> [Aim of the task]: Please copy out the entries below exactly, beginning with the line that contains "Video guide by" and ending with the line that contains "Microshield Handrub 100ml", and include nothing outside that span.

> [Data records]:
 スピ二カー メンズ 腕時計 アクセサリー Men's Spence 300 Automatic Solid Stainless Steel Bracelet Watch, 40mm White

--

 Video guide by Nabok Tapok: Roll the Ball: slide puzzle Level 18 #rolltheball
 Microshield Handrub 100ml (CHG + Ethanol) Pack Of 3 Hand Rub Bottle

==

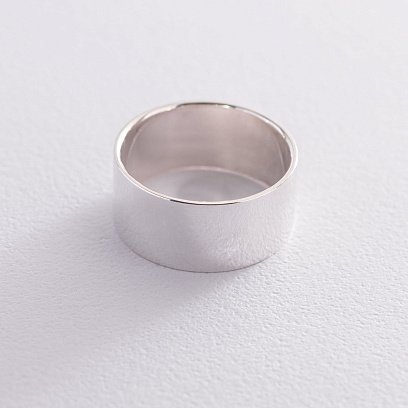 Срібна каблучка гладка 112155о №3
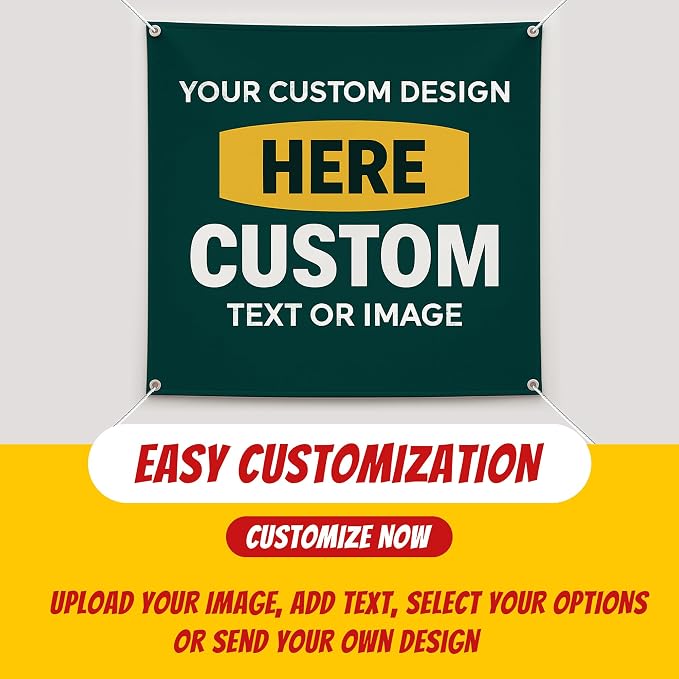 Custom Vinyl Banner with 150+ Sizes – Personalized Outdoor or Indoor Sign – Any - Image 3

> [Solution to this task]:
 Video guide by Nabok Tapok: Roll the Ball: slide puzzle Level 18 #rolltheball
 Microshield Handrub 100ml (CHG + Ethanol) Pack Of 3 Hand Rub Bottle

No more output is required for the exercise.